In Vietnam, there are two kinds of commercial paper. The first one is
promissory notes, which is a promise to pay a specified amount on demand or at
a certain time. The second type is bill of exchange (or draft), known as a
document ordering the payment of money; drawn by one person or bank on
another. However, both these two kinds are not broadly used in Vietnam yet.

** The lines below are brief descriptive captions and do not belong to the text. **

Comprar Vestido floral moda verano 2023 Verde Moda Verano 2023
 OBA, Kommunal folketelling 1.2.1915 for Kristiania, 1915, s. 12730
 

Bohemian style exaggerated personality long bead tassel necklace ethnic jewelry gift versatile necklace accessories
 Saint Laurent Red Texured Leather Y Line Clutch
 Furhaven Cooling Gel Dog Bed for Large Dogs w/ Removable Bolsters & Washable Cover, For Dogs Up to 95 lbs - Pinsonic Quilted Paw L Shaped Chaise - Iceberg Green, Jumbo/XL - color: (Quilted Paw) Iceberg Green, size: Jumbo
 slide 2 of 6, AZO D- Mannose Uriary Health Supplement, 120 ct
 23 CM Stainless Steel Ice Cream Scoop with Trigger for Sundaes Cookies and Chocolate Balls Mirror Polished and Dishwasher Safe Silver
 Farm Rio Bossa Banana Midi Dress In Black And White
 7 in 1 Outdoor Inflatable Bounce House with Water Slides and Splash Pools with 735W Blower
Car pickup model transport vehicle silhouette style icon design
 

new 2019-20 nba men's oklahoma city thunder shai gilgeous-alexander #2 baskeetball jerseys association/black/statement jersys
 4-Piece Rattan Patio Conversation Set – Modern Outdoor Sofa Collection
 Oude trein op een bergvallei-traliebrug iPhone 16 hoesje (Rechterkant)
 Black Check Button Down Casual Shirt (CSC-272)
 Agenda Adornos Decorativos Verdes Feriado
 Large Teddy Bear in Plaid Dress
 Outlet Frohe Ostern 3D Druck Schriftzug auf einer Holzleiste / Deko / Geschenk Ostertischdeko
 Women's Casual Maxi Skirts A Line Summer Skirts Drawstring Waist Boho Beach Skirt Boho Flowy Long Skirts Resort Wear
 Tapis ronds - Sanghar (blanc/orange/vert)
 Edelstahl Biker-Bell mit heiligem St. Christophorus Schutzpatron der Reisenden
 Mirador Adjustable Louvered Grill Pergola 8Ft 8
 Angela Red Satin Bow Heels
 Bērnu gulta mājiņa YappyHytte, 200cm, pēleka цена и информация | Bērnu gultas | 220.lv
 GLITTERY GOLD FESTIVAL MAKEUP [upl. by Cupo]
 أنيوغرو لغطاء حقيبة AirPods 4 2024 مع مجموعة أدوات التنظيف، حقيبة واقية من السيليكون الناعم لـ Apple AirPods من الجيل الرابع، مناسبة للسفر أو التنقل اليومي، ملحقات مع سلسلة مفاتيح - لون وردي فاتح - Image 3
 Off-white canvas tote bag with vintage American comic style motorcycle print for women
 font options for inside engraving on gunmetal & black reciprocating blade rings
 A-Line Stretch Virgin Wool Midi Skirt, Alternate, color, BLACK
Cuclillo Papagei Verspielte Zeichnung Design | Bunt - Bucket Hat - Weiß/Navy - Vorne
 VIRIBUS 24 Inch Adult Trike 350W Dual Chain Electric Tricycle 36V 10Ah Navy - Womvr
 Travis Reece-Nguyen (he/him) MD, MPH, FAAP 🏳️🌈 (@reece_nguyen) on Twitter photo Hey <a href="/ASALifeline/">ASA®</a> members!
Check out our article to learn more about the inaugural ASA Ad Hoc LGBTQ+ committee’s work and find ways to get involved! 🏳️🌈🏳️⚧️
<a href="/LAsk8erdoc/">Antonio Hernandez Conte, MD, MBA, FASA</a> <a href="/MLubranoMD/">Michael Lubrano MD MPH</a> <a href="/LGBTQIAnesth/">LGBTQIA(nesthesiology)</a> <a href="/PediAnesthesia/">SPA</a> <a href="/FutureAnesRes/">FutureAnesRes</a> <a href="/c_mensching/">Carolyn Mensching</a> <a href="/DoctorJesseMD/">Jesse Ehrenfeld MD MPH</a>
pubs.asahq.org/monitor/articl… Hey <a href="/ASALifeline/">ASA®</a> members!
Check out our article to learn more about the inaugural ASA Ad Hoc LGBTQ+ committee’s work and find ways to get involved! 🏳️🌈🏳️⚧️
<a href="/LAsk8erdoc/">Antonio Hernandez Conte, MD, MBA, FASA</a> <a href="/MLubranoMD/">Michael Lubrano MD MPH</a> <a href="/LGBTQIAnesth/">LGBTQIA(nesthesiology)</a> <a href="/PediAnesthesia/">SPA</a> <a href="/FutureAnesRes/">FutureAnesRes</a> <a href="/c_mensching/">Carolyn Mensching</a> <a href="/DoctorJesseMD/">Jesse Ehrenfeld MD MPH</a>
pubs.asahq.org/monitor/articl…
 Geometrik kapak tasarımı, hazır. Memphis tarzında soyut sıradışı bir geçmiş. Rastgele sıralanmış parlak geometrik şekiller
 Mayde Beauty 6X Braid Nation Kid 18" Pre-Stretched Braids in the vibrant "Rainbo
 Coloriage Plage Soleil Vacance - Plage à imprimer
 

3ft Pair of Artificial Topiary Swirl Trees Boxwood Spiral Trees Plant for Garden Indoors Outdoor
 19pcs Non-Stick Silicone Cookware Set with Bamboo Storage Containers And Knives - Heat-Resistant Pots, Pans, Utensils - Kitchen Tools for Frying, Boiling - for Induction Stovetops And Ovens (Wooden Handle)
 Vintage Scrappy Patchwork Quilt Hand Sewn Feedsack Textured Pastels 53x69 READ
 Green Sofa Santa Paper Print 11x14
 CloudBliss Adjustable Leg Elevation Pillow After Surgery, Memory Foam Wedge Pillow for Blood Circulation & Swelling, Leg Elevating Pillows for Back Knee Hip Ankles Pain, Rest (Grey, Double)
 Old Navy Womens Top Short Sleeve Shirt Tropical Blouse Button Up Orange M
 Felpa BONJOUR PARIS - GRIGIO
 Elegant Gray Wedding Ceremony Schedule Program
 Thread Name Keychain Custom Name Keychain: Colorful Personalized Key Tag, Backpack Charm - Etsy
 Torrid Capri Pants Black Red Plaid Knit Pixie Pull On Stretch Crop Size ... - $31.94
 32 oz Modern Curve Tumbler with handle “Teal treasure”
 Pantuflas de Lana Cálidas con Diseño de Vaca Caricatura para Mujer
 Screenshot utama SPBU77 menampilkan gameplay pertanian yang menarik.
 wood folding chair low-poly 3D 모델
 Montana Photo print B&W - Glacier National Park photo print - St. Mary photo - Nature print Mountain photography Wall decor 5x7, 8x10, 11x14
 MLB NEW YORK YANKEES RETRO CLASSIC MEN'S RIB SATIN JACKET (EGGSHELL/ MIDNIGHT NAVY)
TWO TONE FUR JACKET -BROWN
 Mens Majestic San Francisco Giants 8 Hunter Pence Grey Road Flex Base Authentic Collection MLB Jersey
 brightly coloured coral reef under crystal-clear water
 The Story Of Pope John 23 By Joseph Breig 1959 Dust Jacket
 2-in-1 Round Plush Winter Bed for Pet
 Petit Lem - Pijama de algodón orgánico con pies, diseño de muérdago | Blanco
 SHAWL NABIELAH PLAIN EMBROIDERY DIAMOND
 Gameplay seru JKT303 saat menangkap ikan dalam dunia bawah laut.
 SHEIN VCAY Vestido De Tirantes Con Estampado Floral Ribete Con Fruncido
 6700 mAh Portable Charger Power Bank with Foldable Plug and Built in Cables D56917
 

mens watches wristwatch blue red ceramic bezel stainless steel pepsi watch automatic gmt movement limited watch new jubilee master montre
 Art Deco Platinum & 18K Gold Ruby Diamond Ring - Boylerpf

The promissory notes has not existed in Vietnamese money market, although it
was mentioned in several documents. The bill of exchange, on the other hand, is
primarily used in international trade and usually known as written orders by the
importer to his bank to pay the exporter a specific sum on a specific date
sometime in the future.
However, it just accounts for a small portion in Vietnamese international
trading. There are several reasons explain why CP is not widely used in
Vietnam. Firstly, the law on the CP is not enough for it to active and coming
into reality. Moreover, the constructing and executing laws process is not
practical, which leads to many shortcomings, disunities with reality and
international practices. Thirdly, Vietnamese commercial banks are not strong
enough to loan the firms via discount CP or securement of pledging CP. The
participants don’t really have trust in CP and its liquidity is also a reason for
CP’s absence in Vietnam, Finally, the Vietnamese secondary market has not
developed yet, which limits the potential of CP.